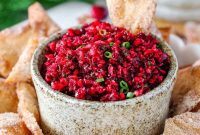 Vibrant Cranberry Salsa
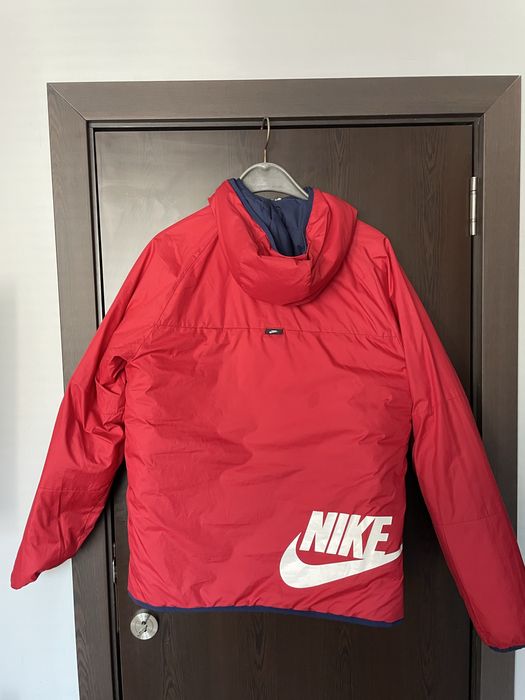 ПОСЛЕДНОТО! Nike - Двулицево зимно яке Legacy с Therma-Fit и качулка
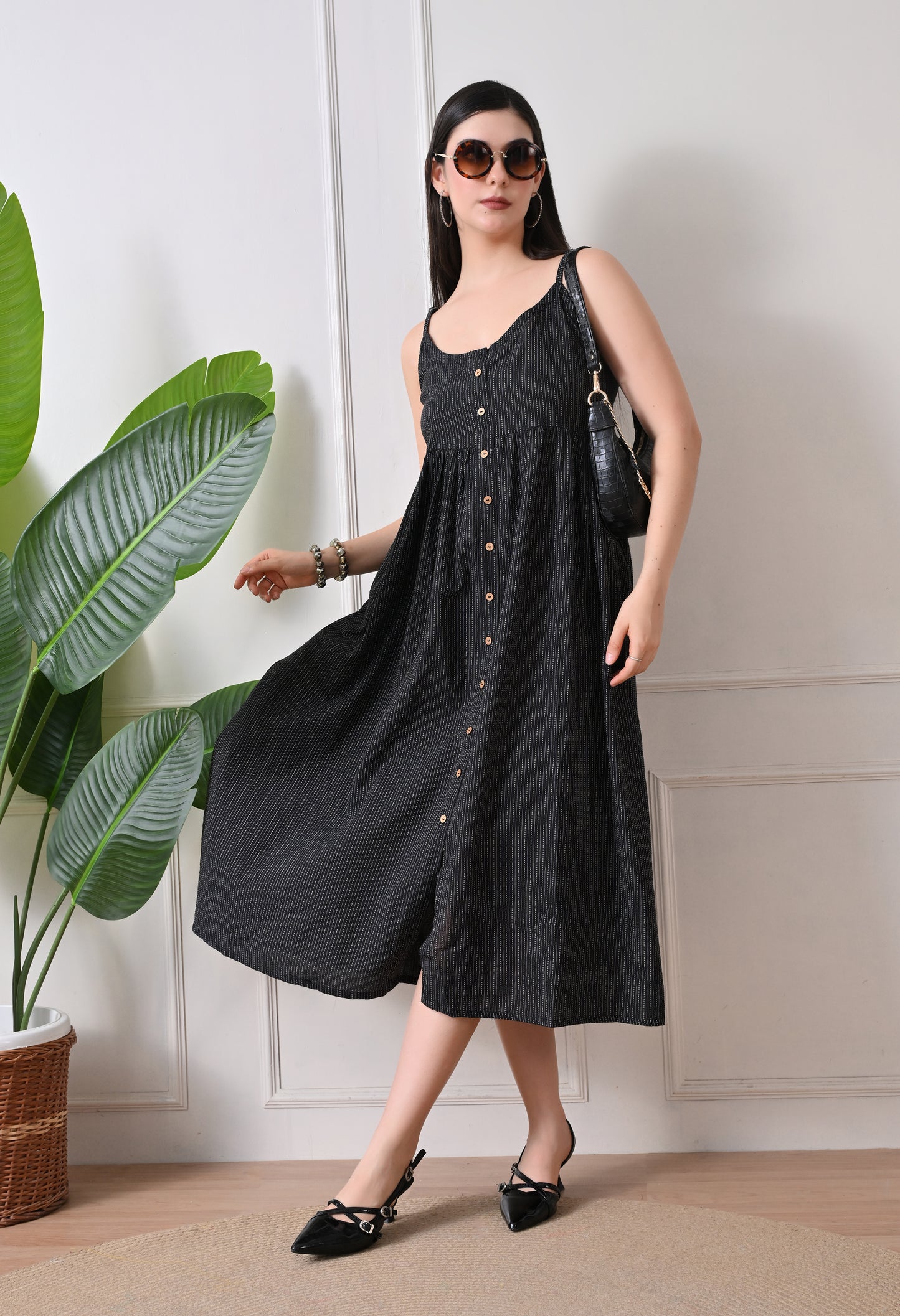 Dove Day Dress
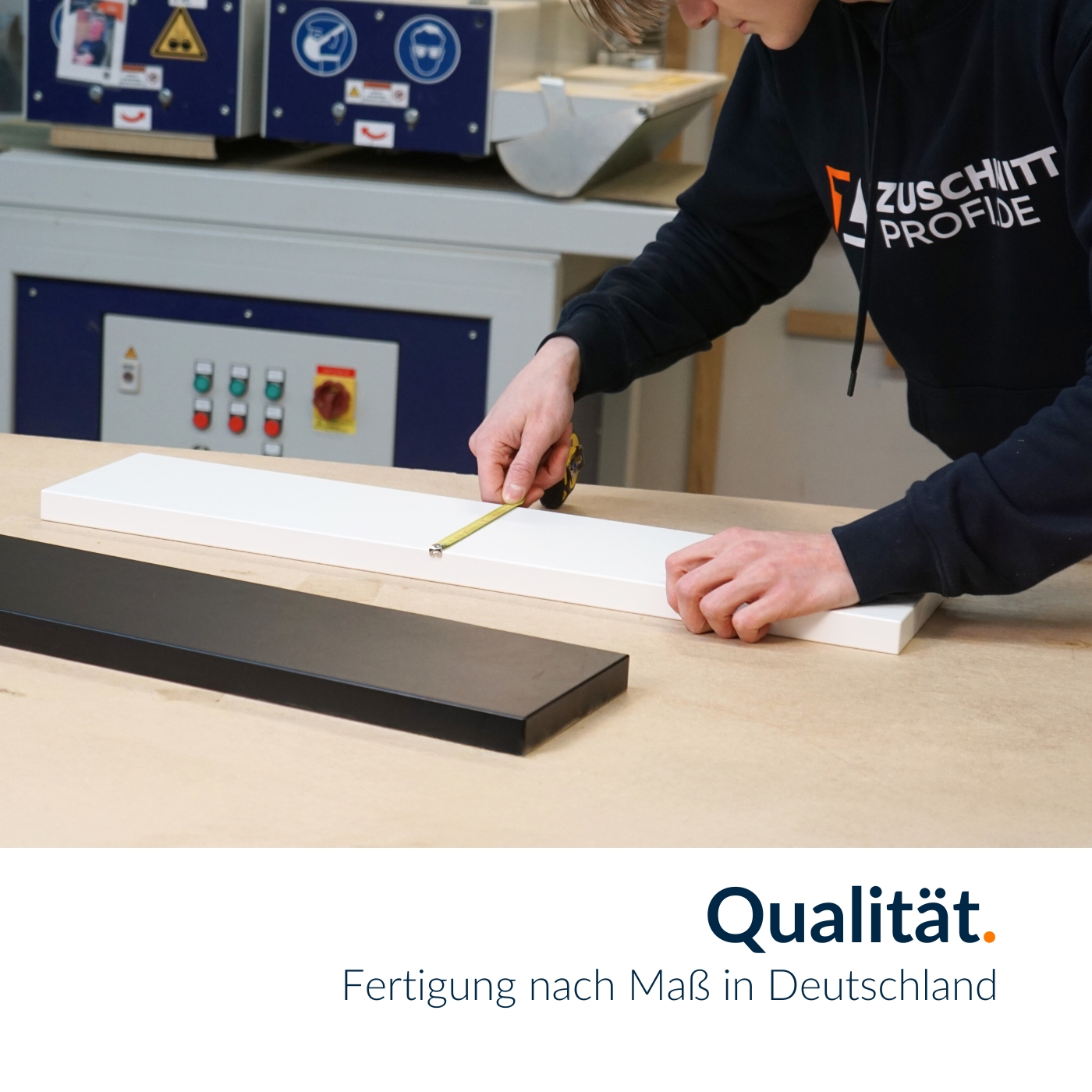 Maßgefertigte Produkte aus deutscher Fertigung für individuelle Anforderungen.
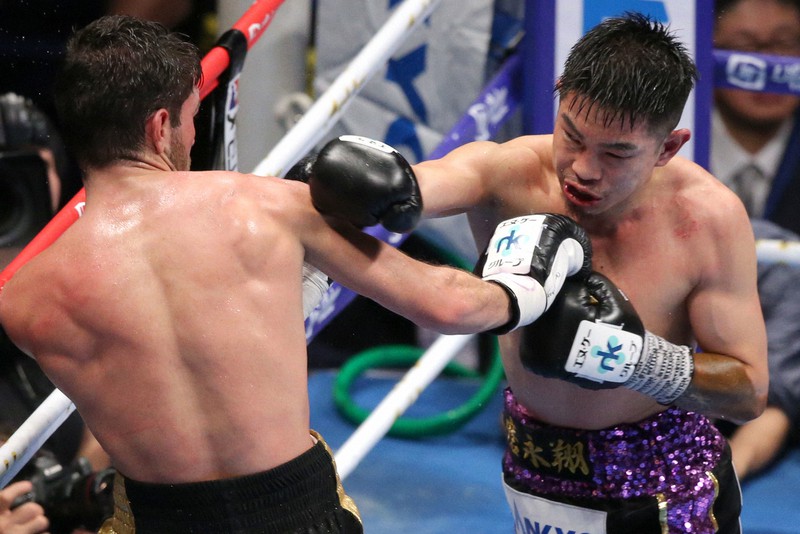 井岡一翔 過去の試合 [写真特集1/14] | 毎日新聞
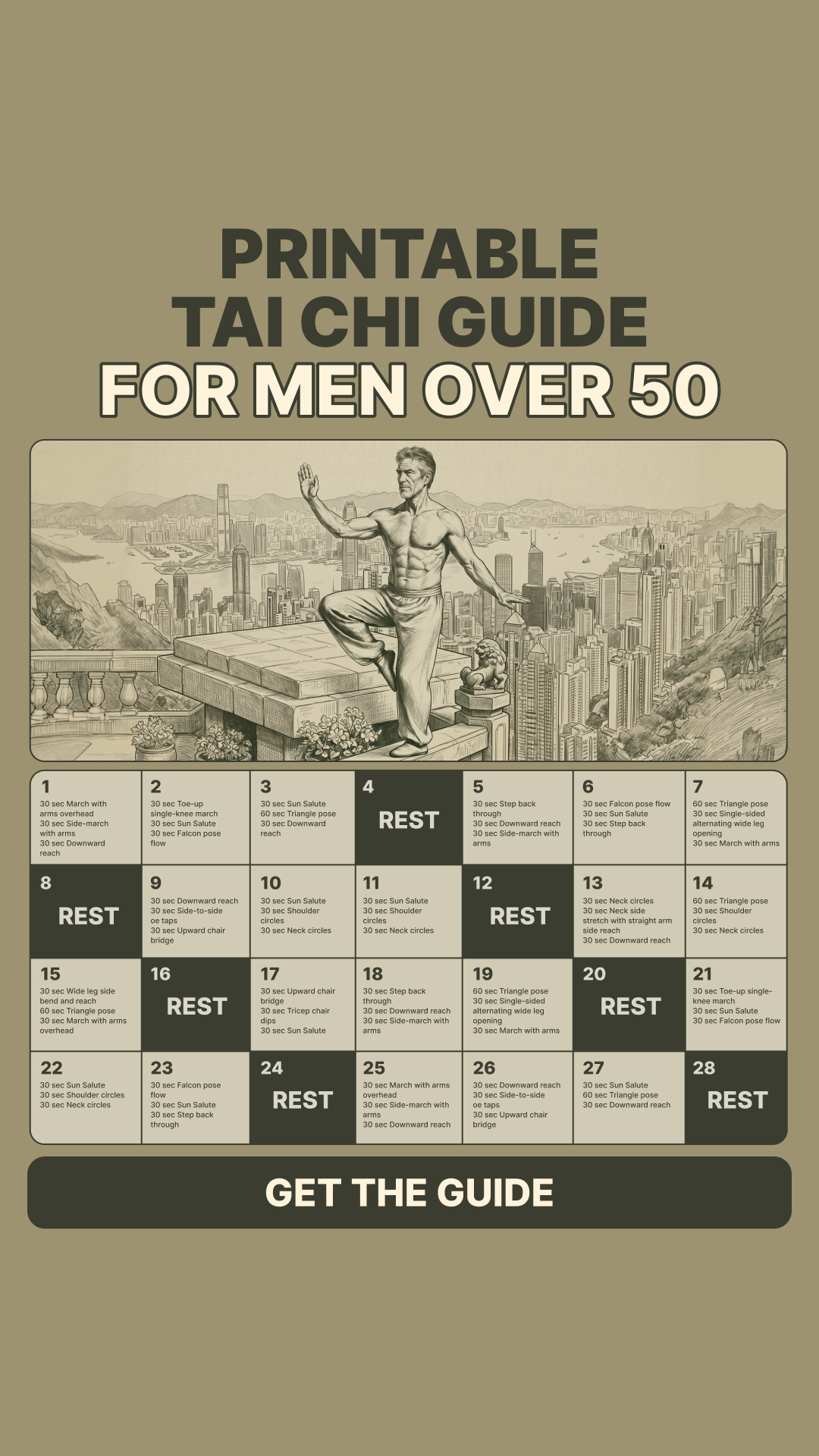 Мy 28 Day Challenge Facebook ad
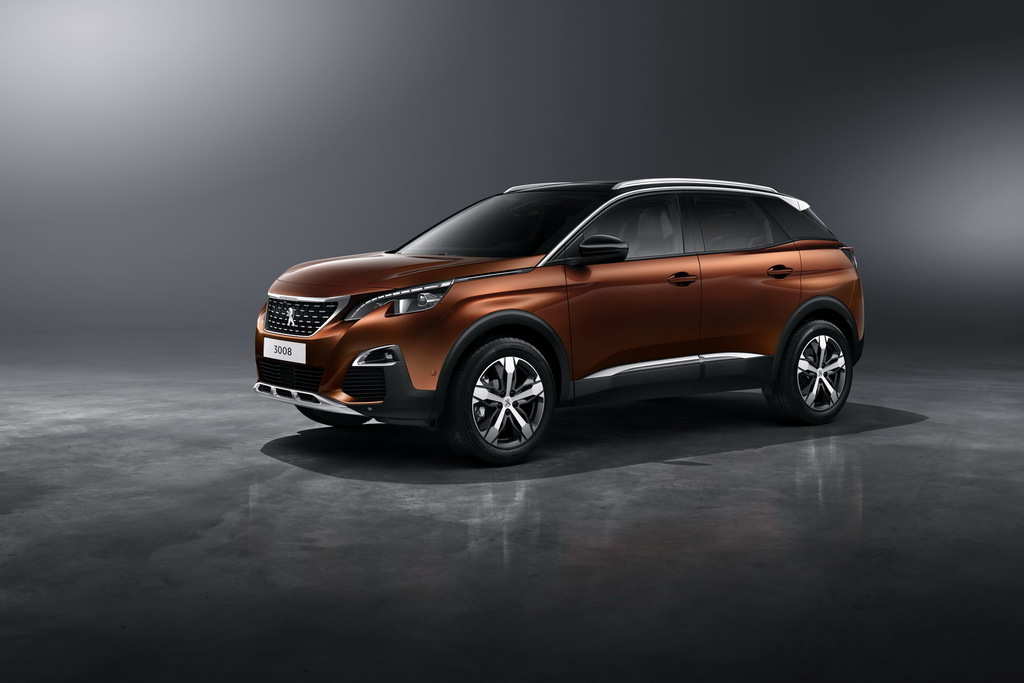 Nissan Qashqai’ye İddialı Rakip : Peugeot 3008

# # # # #

→ ASSIGNMENT
Reproduce exactly, with nothing added, the lines from the line with "Maßgefertigte Produkte aus" through the end of the entries above; pictures are to be left out.

→ ANSWER BELOW
 Maßgefertigte Produkte aus deutscher Fertigung für individuelle Anforderungen.
 井岡一翔 過去の試合 [写真特集1/14] | 毎日新聞
 Мy 28 Day Challenge Facebook ad
 Nissan Qashqai’ye İddialı Rakip : Peugeot 3008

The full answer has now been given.